There is an important misapprehension in the words of the messengers of the Gospel in the New Testament. It is wrongly thought that they threaten us with punishment because of sins we have committed, whereas in reality their message is of forgiveness, not of vengeance — of deliverance, not of evil to come.

No man shall be condemned for any or all of his sins that are past. He needs not dread remaining unforgiven even for the worst of them. The sin he dwells in, the sin he will not come out of — that is the sole ruin of a man. His present, his live, sins — those pervading his thoughts and ruling his conduct, the sins he keeps doing and will not give up, the sins he is called to abandon and clings to — these are they for which he is even at this moment condemned. “This is the condemnation, that light is come into the world, and men loved darkness rather than light, because their deeds were evil.”

It is the indwelling badness, ready to produce bad actions — the indwelling sin which leads to sins — that we need to be delivered from. Against this sin, if a man will not strive, he is left to commit evil and reap the consequences. To be saved from these consequences would be no deliverance; it would be an immediate, ever deepening damnation. Jesus came to deliver us, not rescue us from needful consequences.

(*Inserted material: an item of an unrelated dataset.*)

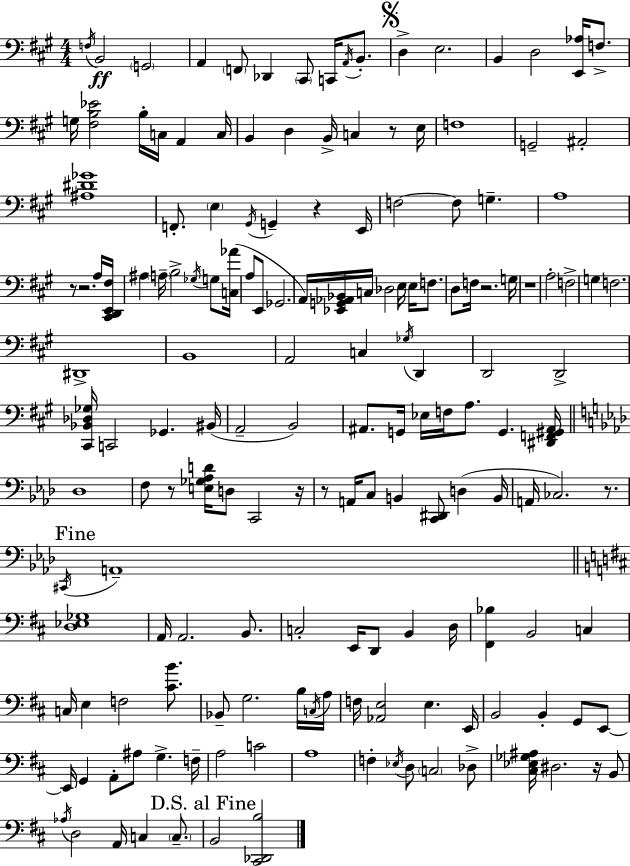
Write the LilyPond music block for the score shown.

It is the sin in our being — no essential part of it, thank God! — the miserable fact that we as a very child of God do not care for our Father and will not obey him, causing us to desire wrongly and act wrongly — this is what he came to deliver us from, not the things we have done, but the possibility of doing such things any more.

— George MacDonald, Hope of the Gospel, “Salvation from Sin,” quoted in Discovering the Character of God, edited by Michael Phillips, p. 40-41.